25 Aug 2003
The decision by the Ministry of Agriculture and Forestry to inspect all sea containers arriving in New Zealand has been praised by the NZ Forest Owners Association.
The association is also comfortable with inspection being carried out by a MAF-accredited person, instead of a MAF employee.
"The most important thing is that the job is done properly," said Rob McLagan, the association's chief executive.
"Containers are one of the main pathways by which diseases and pests are introduced to New Zealand. The decision to inspect all containers, rather than just those from ports which are deemed to be of high-risk, is a big step forward.
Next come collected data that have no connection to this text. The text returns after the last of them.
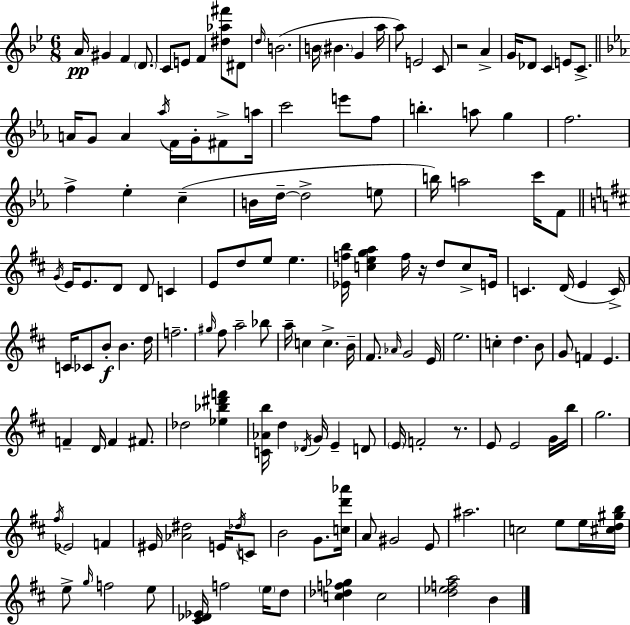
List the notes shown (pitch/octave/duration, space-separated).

A4/s G#4/q F4/q D4/e. C4/e E4/e F4/q [D#5,Ab5,F#6]/e D#4/e D5/s B4/h. B4/s BIS4/q. G4/q A5/s A5/e E4/h C4/e R/h A4/q G4/s Db4/e C4/q E4/e C4/e. A4/s G4/e A4/q Ab5/s F4/s G4/s F#4/e A5/s C6/h E6/e F5/e B5/q. A5/e G5/q F5/h. F5/q Eb5/q C5/q B4/s D5/s D5/h E5/e B5/s A5/h C6/s F4/e G4/s E4/s E4/e. D4/e D4/e C4/q E4/e D5/e E5/e E5/q. [Eb4,F5,B5]/s [C5,E5,G5,A5]/q F5/s R/s D5/e C5/e E4/s C4/q. D4/s E4/q C4/s C4/s CES4/e B4/e B4/q. D5/s F5/h. G#5/s F#5/e A5/h Bb5/e A5/s C5/q C5/q. B4/s F#4/e. Ab4/s G4/h E4/s E5/h. C5/q D5/q. B4/e G4/e F4/q E4/q. F4/q D4/s F4/q F#4/e. Db5/h [Eb5,Bb5,D#6,F6]/q [C4,Ab4,B5]/s D5/q Db4/s G4/s E4/q D4/e E4/s F4/h R/e. E4/e E4/h G4/s B5/s G5/h. F#5/s Eb4/h F4/q EIS4/s [Ab4,D#5]/h E4/s Db5/s C4/e B4/h G4/e. [C5,D6,Ab6]/s A4/e G#4/h E4/e A#5/h. C5/h E5/e E5/s [C#5,D5,G#5,B5]/s E5/e G5/s F5/h E5/e [C#4,Db4,Eb4]/s F5/h E5/s D5/e [C5,Db5,F5,Gb5]/q C5/h [D5,Eb5,F5,A5]/h B4/q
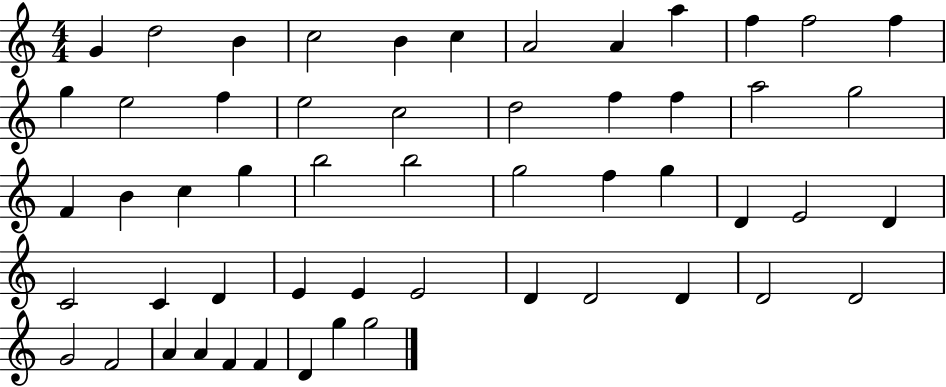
X:1
T:Untitled
M:4/4
L:1/4
K:C
G d2 B c2 B c A2 A a f f2 f g e2 f e2 c2 d2 f f a2 g2 F B c g b2 b2 g2 f g D E2 D C2 C D E E E2 D D2 D D2 D2 G2 F2 A A F F D g g2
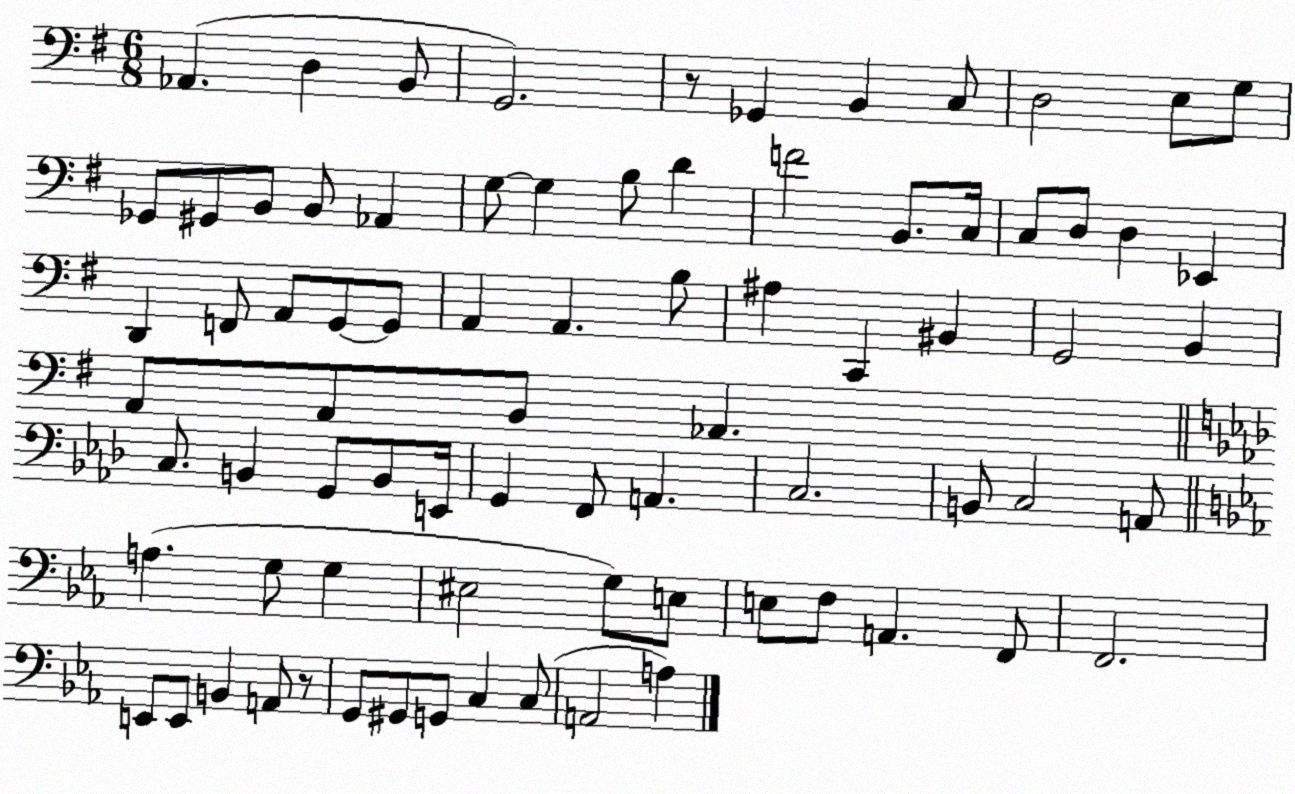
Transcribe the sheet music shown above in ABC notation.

X:1
T:Untitled
M:6/8
L:1/4
K:G
_A,, D, B,,/2 G,,2 z/2 _G,, B,, C,/2 D,2 E,/2 G,/2 _G,,/2 ^G,,/2 B,,/2 B,,/2 _A,, G,/2 G, B,/2 D F2 B,,/2 C,/4 C,/2 D,/2 D, _E,, D,, F,,/2 A,,/2 G,,/2 G,,/2 A,, A,, B,/2 ^A, C,, ^B,, G,,2 B,, A,,/2 A,,/2 B,,/2 _A,, C,/2 B,, G,,/2 B,,/2 E,,/4 G,, F,,/2 A,, C,2 B,,/2 C,2 A,,/2 A, G,/2 G, ^E,2 G,/2 E,/2 E,/2 F,/2 A,, F,,/2 F,,2 E,,/2 E,,/2 B,, A,,/2 z/2 G,,/2 ^G,,/2 G,,/2 C, C,/2 A,,2 A,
"Last year, gypsy moth, fall webworm and gum leaf skeletoniser were revealed to be unwanted immigrants to New Zealand. All are likely to have arrived here on or in containers."
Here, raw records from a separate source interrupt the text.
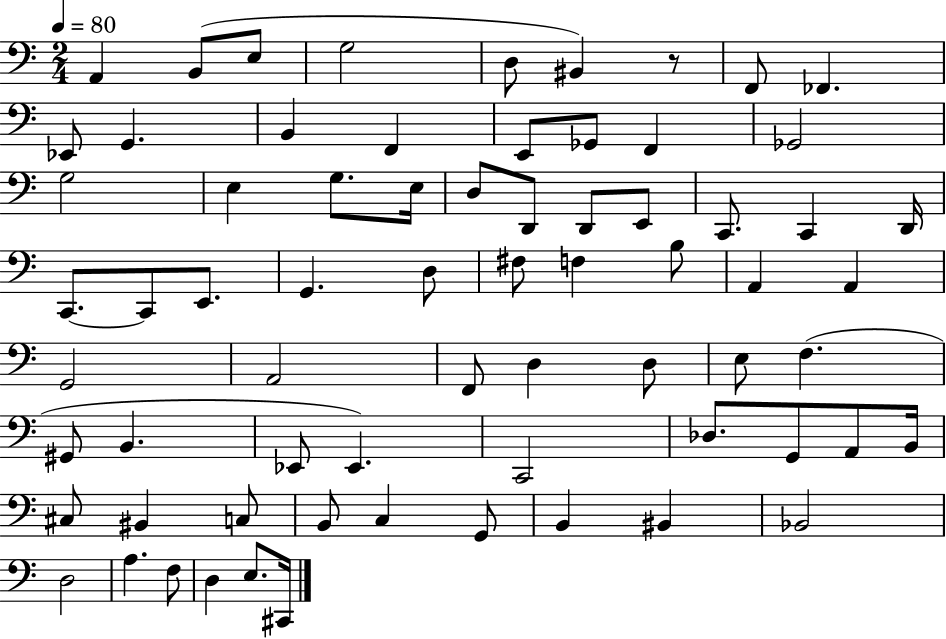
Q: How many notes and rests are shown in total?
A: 69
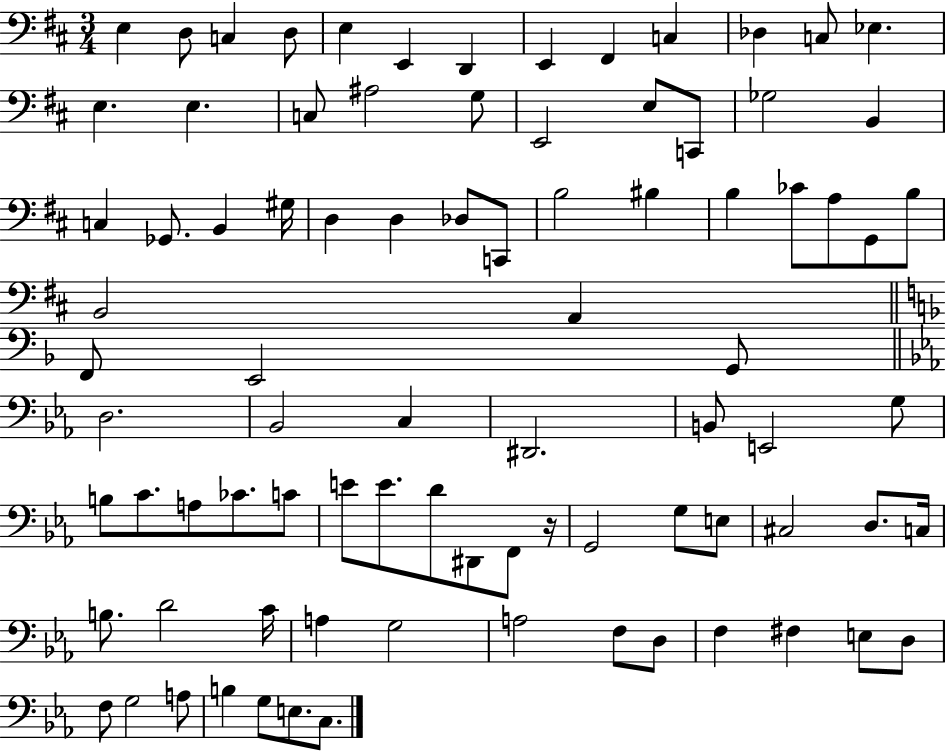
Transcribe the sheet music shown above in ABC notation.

X:1
T:Untitled
M:3/4
L:1/4
K:D
E, D,/2 C, D,/2 E, E,, D,, E,, ^F,, C, _D, C,/2 _E, E, E, C,/2 ^A,2 G,/2 E,,2 E,/2 C,,/2 _G,2 B,, C, _G,,/2 B,, ^G,/4 D, D, _D,/2 C,,/2 B,2 ^B, B, _C/2 A,/2 G,,/2 B,/2 B,,2 A,, F,,/2 E,,2 G,,/2 D,2 _B,,2 C, ^D,,2 B,,/2 E,,2 G,/2 B,/2 C/2 A,/2 _C/2 C/2 E/2 E/2 D/2 ^D,,/2 F,,/2 z/4 G,,2 G,/2 E,/2 ^C,2 D,/2 C,/4 B,/2 D2 C/4 A, G,2 A,2 F,/2 D,/2 F, ^F, E,/2 D,/2 F,/2 G,2 A,/2 B, G,/2 E,/2 C,/2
He said it was impractical to have every container inspected by a government employee, but the onus was still on MAF to ensure that accredited inspectors were up-to-the-mark.
"There will always be a commercial imperative for importers to get containers unpacked as quickly as possible. There will always be the temptation to cut corners.
"It is therefore vitally important to ensure that inspectors and their employers are heavily penalised if they fail to observe proper procedures. Accreditation will also need to involve proper training, retraining and monitoring."
Mr McLagan said forest products were expected to become the country's largest export by 2025. At that time, forest export revenues are expected to reach $20 billion.
"We're talking of an industry that's worth a huge amount to New Zealand, economically, environmentally, socially and in terms of employment opportunities. It's worth protecting."